For some reason, whenever this day comes, I am either single or even worse, nursing a broken heart.
The one Valentine’s Day that comes close to celebration was two years ago while I was still at campus. It stands out, because I was not only going to be alone [at least as I thought], but also because my then boyfriend had the audacity to break up with me two weeks to Valentine’s Day. Let’s say I had seen this coming, but I thought he would at least be kind enough to dump me a few days into March.
I thought having broken up with me two weeks ahead would give me ample time to heal and get over it. How wrong I was! When I sat with my friends and heard them go on and on about how they were planning to spend their Valentine’s Day, I sulked and mourned within. My heart ached more. I thought of all the possible solutions to help me go through this day without feeling like a loner.

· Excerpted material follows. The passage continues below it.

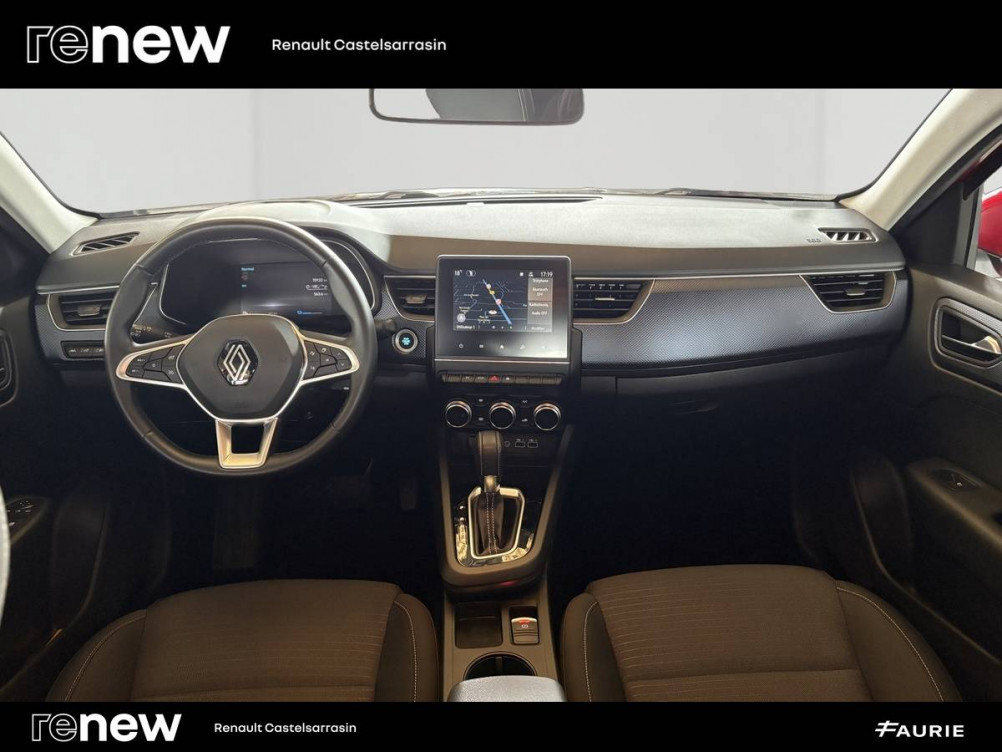 Acheter Renault Arkana Arkana E-Tech 145 - 23 Evolution 5p occasion dans les concessions du Groupe Faurie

Since the day is not recognised as a public holiday, I was glad that at least we would have to attend lectures that day. That meant I would be preoccupied with class all day, with less to think about. My only worry lay in what would happen after the classes.
My number one solace lay in doing something that I really enjoy, and only one thing came to mind - movies! I stocked enough of them to take me through the night. And so while other couples were kissing away the entire evening, I would be brushing away a tear at a scene where the male star in the movie sweeps the starlet off her feet, and kisses her passionately.
However, my evening seemed to be getting a rather interesting twist. While I had planned to be locked up in my room, at least four of my friends make a point to stop by my room, with some asking if I had a nice clutch they could borrow or if their dress was a great choice.
The look of excitement on their faces was a great contrast to the blank look on my face. I didn’t know how to be happy for them when I was on the other hand, dealing with my own sore heart. Anyway, that was two years ago, and I managed to pull through it.
Unfortunately, this year will be no exception. Even though I don’t hope to be nursing a broken heart, I will be part of the numerous singletons who will be braving the evening traffic to get home, away from all the city chaos, and the Valentine’s merry-making that will fill the air tomorrow.
But on second thought, how about I do something really exciting? Like, be a girl on mission, with intent to make this my most memorable and exciting Valentine’s Day? I have an idea. Don’t ask what.